What the task asks:
Retype all the entries word for word, but omit the pictures.

[Source records]
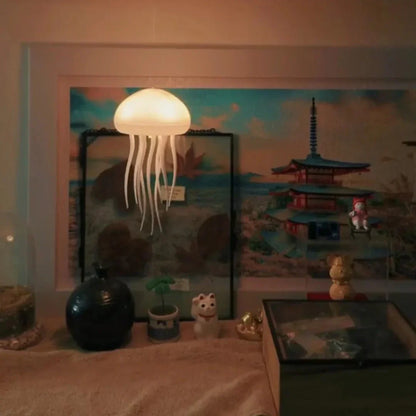 Floating Jellyfish Lamp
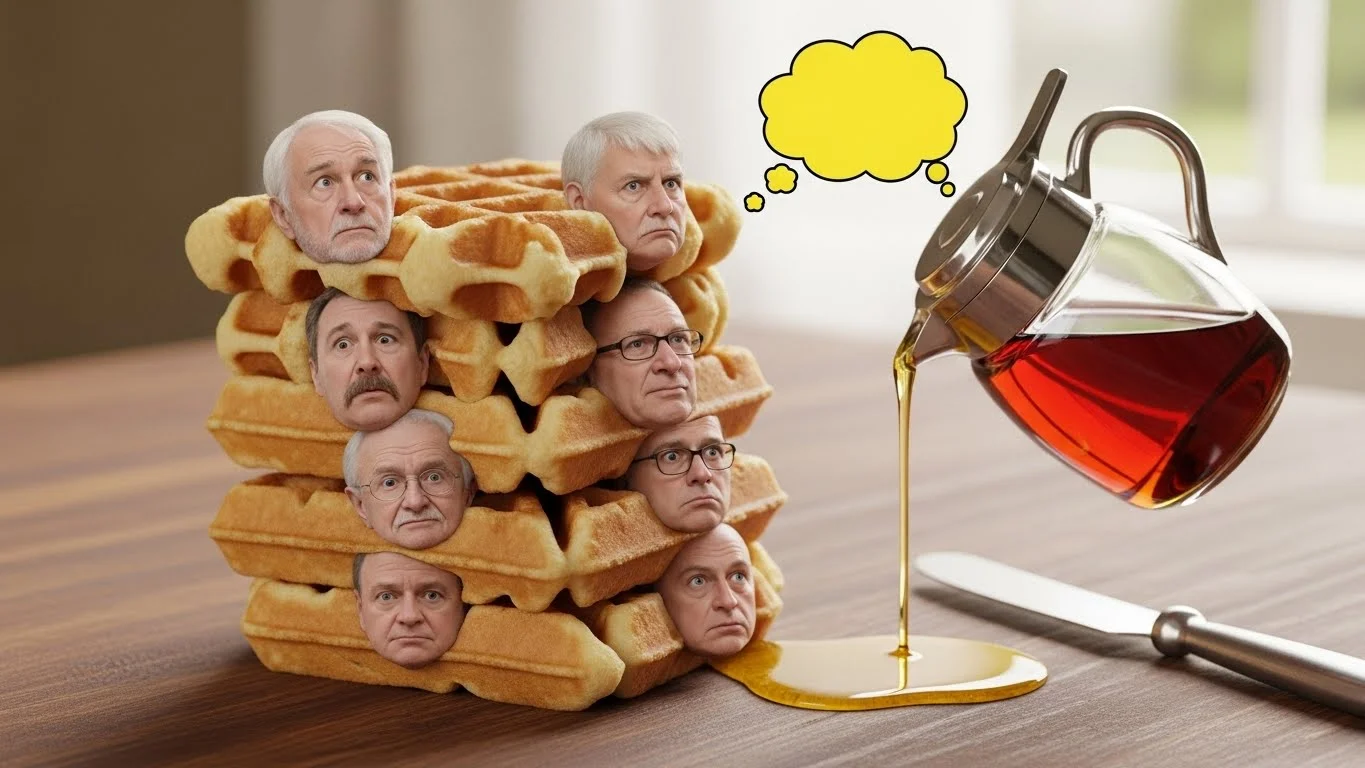 Waffle Wordplay & Puns Galore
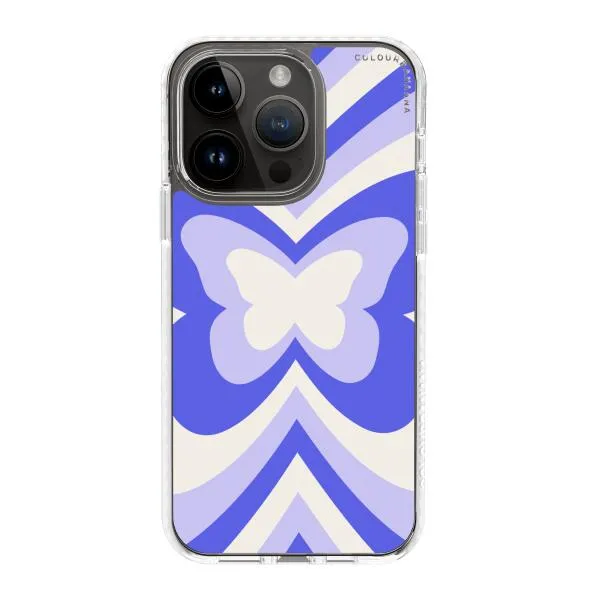 iPhone Case - Blue Butterfly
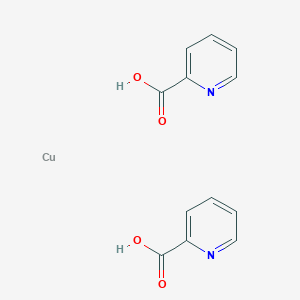 molecular formula C12H10CuN2O4 B12099574 copper;pyridine-2-carboxylic acid 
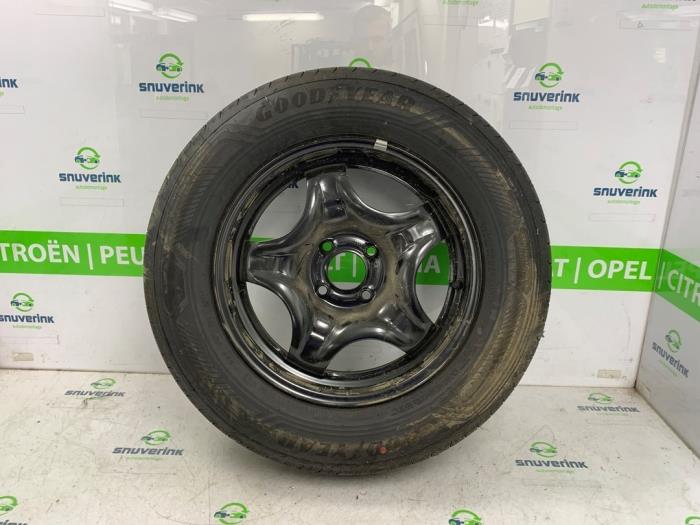 Gebrauchte Reserverad Opel Mokka 1.2 Turbo 12V Preis € 95,00 Margenregelung angeboten von Snuverink Autodemontage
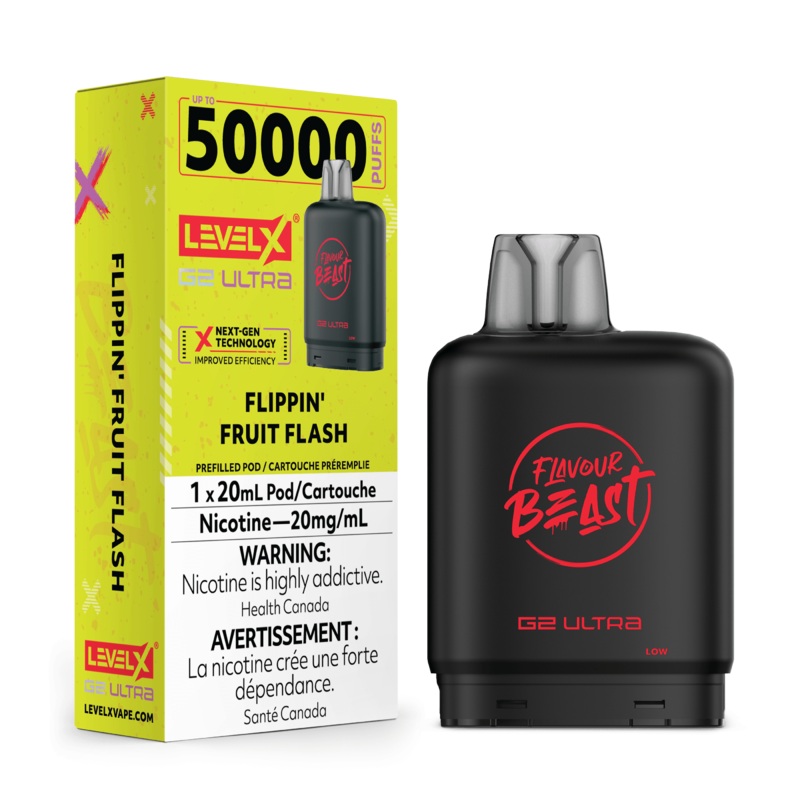 Level X G2 Ultra 50K – Flippin’ Fruit Flash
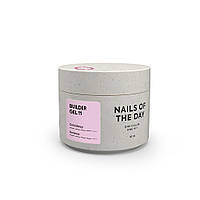 Гель для нарощування нігтів Nails Of The Day Builder Gel 11 світло-рожевий, 30 мл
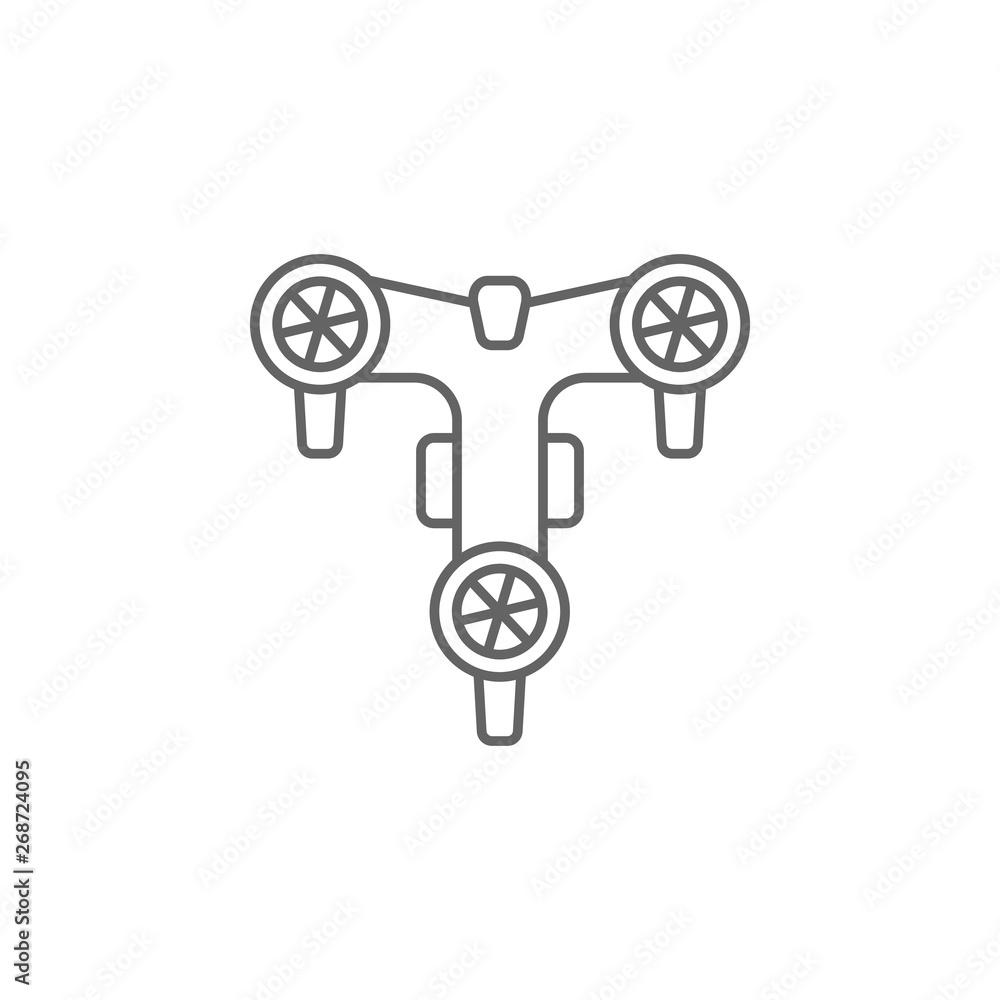 Drone, technology icon. Element of future world icon. Thin line icon for website design and development, app development. Premium icon Drone, technology icon. Element of future world icon. Thin line icon for website design and development, app development. Premium icon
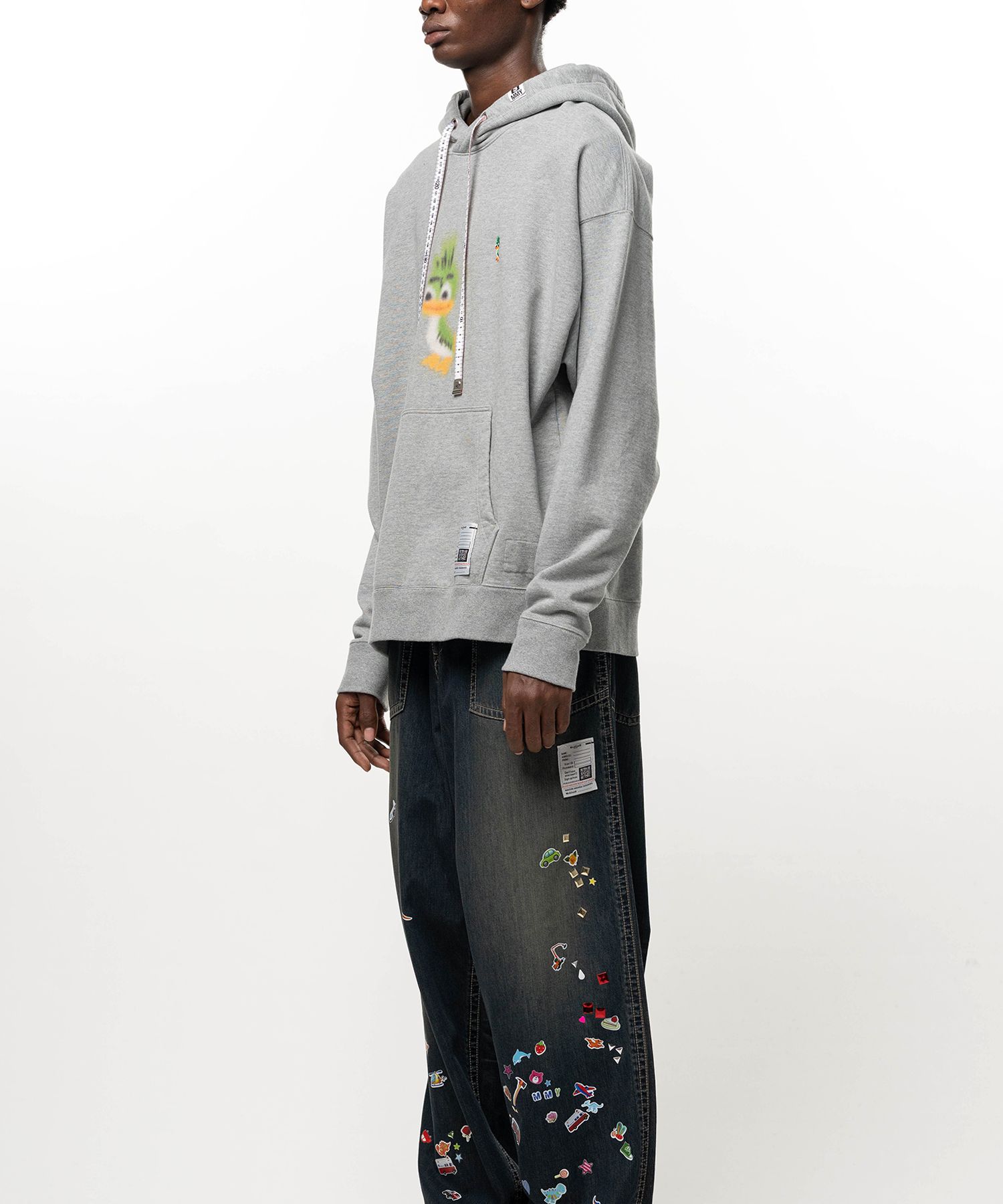 Leon Printed Hoodie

Response below:
 Floating Jellyfish Lamp
 Waffle Wordplay & Puns Galore
 iPhone Case - Blue Butterfly
 molecular formula C12H10CuN2O4 B12099574 copper;pyridine-2-carboxylic acid 
 Gebrauchte Reserverad Opel Mokka 1.2 Turbo 12V Preis € 95,00 Margenregelung angeboten von Snuverink Autodemontage
 Level X G2 Ultra 50K – Flippin’ Fruit Flash
 Гель для нарощування нігтів Nails Of The Day Builder Gel 11 світло-рожевий, 30 мл
 Drone, technology icon. Element of future world icon. Thin line icon for website design and development, app development. Premium icon Drone, technology icon. Element of future world icon. Thin line icon for website design and development, app development. Premium icon
 Leon Printed Hoodie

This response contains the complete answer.